=== What the task requires ===
Show every line from the entries that follow which holds the word "Earrings".

The data Block Start

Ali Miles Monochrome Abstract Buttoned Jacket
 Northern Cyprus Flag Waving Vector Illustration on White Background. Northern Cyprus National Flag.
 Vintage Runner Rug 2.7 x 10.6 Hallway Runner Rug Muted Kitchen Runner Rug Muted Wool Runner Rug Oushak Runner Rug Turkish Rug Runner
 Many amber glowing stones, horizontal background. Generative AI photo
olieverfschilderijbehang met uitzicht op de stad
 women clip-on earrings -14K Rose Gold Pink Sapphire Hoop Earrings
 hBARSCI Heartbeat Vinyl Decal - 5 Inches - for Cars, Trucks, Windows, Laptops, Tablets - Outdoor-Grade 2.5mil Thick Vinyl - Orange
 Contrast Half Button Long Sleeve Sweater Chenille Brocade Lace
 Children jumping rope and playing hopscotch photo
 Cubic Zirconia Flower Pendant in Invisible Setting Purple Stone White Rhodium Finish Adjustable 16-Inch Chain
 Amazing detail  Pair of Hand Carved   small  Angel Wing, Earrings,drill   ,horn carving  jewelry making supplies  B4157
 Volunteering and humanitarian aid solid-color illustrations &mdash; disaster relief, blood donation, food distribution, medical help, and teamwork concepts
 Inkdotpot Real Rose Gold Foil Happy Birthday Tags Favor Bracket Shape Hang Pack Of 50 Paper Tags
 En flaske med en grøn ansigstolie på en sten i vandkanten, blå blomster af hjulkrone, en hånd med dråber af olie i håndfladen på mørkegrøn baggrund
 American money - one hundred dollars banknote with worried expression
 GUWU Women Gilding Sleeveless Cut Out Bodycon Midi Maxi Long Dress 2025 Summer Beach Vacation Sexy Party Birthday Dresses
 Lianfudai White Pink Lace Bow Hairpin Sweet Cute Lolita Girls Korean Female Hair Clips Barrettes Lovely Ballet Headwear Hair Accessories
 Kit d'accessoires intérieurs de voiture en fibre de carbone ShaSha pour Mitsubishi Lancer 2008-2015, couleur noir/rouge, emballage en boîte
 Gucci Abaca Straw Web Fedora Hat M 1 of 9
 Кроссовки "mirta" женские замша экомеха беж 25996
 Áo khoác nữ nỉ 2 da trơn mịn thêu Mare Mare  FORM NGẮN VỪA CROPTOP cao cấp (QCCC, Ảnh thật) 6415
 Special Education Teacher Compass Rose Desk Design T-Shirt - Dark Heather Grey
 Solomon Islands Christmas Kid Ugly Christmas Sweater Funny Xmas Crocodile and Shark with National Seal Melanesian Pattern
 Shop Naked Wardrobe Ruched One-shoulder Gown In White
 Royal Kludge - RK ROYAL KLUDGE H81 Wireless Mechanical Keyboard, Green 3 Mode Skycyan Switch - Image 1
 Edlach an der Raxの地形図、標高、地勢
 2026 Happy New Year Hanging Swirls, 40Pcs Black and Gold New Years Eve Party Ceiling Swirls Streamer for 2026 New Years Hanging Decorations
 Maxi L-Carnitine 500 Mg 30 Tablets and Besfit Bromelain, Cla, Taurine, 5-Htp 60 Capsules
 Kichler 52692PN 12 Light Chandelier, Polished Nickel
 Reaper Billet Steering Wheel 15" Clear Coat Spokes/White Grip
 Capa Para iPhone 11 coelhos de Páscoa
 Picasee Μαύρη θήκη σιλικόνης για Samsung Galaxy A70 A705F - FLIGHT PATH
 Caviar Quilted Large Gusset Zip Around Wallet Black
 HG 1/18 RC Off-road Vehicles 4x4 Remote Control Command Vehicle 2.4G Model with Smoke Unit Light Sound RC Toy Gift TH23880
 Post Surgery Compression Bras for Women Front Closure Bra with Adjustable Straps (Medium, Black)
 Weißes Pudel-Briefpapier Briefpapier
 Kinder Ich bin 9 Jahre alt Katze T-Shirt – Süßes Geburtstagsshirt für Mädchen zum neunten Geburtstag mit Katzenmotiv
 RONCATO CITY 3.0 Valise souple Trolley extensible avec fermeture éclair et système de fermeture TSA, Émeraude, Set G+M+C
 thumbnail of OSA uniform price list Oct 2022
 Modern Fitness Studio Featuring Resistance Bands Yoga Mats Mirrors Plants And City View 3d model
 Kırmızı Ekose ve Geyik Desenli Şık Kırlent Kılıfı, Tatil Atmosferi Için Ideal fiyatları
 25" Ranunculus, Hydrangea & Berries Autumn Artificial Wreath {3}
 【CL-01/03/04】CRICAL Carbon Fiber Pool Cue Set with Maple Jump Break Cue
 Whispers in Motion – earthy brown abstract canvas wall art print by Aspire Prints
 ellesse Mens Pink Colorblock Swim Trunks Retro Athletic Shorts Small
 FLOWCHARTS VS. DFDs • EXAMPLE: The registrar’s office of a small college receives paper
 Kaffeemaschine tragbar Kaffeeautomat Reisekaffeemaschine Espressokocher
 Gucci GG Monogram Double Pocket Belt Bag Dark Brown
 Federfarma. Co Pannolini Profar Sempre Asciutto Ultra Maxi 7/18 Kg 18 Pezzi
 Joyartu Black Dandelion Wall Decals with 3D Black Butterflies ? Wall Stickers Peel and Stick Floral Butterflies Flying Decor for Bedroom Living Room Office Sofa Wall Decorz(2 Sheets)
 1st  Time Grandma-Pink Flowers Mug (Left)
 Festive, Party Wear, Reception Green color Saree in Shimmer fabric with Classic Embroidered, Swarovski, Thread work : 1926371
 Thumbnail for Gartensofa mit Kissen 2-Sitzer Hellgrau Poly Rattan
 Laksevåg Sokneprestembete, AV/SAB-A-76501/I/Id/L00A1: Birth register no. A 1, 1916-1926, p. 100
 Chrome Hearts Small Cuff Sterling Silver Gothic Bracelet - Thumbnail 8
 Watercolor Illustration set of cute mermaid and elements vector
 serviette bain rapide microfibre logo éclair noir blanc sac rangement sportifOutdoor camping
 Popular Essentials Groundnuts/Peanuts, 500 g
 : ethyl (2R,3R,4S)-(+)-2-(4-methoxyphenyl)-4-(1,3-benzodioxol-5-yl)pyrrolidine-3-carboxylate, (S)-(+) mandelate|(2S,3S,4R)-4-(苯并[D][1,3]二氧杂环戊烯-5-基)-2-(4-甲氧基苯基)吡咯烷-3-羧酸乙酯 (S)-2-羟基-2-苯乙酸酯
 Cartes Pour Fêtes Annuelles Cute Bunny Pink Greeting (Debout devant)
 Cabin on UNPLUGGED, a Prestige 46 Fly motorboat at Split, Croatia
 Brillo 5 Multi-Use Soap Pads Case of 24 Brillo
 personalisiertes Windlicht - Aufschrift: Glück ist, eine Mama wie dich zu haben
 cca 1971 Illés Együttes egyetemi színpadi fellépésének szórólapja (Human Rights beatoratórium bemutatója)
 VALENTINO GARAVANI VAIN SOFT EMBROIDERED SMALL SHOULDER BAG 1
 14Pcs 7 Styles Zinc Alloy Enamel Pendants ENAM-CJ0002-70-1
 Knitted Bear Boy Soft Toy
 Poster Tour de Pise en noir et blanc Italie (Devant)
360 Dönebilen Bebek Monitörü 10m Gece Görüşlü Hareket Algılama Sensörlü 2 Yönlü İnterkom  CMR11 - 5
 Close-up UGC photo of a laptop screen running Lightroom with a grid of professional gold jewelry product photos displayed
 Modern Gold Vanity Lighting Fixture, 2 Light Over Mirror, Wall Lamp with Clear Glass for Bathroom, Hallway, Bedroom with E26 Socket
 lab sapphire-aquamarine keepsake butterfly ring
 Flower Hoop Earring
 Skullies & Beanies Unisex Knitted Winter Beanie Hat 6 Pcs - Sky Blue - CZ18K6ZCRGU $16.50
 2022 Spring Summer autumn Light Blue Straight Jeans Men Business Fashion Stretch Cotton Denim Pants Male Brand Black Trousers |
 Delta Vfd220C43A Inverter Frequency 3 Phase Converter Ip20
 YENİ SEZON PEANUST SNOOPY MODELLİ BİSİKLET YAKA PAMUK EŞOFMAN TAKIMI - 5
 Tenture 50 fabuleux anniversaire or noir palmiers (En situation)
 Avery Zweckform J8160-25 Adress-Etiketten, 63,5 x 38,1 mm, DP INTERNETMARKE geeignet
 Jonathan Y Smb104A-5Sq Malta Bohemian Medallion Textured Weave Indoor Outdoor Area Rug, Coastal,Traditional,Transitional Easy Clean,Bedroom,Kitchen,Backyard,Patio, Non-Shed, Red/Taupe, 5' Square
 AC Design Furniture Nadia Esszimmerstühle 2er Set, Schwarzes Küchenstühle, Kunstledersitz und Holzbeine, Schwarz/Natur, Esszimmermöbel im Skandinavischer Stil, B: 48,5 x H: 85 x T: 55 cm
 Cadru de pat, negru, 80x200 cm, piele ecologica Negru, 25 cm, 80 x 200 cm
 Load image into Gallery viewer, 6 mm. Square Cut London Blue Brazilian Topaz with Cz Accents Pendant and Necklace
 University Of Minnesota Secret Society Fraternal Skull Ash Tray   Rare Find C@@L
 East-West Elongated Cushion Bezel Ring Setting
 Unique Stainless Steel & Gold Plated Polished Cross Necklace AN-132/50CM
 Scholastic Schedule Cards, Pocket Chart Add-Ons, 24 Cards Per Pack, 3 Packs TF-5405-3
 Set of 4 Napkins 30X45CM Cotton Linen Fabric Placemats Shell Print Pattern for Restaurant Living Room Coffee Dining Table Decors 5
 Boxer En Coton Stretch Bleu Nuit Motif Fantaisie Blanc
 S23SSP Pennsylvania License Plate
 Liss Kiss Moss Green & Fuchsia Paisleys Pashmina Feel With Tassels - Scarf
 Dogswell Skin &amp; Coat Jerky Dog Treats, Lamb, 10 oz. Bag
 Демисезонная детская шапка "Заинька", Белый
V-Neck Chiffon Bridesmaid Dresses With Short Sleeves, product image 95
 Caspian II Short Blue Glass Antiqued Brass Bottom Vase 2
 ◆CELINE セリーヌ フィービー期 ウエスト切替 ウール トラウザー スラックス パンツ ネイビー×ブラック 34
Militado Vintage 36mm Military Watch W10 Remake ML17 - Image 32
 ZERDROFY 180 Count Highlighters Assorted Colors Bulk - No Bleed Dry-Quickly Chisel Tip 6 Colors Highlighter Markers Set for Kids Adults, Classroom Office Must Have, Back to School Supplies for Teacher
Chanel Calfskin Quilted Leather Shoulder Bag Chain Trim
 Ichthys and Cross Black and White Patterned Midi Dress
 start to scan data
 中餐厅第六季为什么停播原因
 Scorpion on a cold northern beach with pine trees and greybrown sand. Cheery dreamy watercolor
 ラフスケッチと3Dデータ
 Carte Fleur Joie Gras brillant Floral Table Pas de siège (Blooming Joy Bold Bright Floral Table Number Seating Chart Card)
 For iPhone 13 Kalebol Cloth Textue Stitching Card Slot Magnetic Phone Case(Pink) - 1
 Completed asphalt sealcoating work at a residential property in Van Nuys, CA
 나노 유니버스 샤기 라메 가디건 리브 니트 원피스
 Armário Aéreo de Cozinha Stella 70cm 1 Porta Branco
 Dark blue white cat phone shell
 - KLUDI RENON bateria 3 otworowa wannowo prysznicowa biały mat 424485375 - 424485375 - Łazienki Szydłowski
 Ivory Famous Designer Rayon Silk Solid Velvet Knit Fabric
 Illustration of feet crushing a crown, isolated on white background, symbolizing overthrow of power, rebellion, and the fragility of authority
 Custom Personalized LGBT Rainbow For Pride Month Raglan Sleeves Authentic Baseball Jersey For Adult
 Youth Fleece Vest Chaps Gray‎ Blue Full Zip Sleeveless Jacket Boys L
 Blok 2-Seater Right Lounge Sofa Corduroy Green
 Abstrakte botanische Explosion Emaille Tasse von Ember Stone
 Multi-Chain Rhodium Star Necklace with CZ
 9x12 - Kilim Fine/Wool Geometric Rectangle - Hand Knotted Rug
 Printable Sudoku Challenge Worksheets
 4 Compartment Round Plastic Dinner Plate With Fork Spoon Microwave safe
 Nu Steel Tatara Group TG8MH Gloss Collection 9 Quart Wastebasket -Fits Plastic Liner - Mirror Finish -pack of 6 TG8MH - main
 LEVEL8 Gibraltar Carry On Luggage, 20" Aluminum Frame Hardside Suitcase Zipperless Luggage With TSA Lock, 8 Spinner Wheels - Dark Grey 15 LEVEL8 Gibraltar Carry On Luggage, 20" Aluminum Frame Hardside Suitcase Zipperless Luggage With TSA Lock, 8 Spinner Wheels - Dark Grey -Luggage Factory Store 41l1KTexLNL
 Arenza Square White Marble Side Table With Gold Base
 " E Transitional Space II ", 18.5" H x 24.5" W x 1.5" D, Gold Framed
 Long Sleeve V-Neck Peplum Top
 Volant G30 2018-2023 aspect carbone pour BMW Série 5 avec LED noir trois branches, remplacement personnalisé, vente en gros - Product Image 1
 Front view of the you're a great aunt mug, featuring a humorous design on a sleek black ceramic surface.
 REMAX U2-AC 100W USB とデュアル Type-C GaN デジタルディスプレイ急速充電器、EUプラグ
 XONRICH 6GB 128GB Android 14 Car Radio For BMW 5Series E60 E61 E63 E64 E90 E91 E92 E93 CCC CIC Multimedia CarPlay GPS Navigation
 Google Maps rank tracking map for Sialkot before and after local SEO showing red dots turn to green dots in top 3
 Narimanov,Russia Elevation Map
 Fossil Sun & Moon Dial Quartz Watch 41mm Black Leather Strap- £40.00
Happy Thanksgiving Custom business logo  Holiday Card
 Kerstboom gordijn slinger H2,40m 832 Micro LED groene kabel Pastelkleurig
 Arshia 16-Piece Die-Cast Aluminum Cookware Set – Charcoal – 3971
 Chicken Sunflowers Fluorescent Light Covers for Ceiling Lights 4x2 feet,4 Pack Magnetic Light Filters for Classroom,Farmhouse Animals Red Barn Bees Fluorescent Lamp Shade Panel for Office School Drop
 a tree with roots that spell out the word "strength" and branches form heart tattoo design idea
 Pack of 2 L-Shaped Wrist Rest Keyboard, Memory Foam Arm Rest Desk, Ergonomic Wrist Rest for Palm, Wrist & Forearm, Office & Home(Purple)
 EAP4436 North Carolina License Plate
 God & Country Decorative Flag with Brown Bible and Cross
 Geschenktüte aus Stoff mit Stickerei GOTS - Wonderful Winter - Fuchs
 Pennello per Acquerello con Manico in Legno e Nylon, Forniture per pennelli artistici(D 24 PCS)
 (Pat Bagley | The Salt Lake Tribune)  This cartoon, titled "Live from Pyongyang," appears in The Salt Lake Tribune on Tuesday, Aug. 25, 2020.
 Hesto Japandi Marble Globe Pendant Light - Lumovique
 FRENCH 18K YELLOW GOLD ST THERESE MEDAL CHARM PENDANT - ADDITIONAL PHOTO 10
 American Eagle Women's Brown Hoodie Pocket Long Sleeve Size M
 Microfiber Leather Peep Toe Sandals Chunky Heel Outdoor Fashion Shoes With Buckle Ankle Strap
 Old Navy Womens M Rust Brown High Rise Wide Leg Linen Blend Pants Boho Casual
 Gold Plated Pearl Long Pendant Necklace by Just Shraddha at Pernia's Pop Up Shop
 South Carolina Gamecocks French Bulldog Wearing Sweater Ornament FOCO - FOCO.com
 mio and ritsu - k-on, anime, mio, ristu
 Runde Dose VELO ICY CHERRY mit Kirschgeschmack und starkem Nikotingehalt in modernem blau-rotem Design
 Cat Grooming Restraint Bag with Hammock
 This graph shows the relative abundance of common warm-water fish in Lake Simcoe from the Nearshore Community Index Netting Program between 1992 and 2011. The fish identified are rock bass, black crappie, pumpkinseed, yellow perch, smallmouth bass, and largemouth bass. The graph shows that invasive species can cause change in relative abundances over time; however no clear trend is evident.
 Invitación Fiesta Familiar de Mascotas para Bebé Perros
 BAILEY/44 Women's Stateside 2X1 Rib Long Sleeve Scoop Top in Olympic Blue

The data Block End

=== Expected answer ===
 women clip-on earrings -14K Rose Gold Pink Sapphire Hoop Earrings
 Amazing detail  Pair of Hand Carved   small  Angel Wing, Earrings,drill   ,horn carving  jewelry making supplies  B4157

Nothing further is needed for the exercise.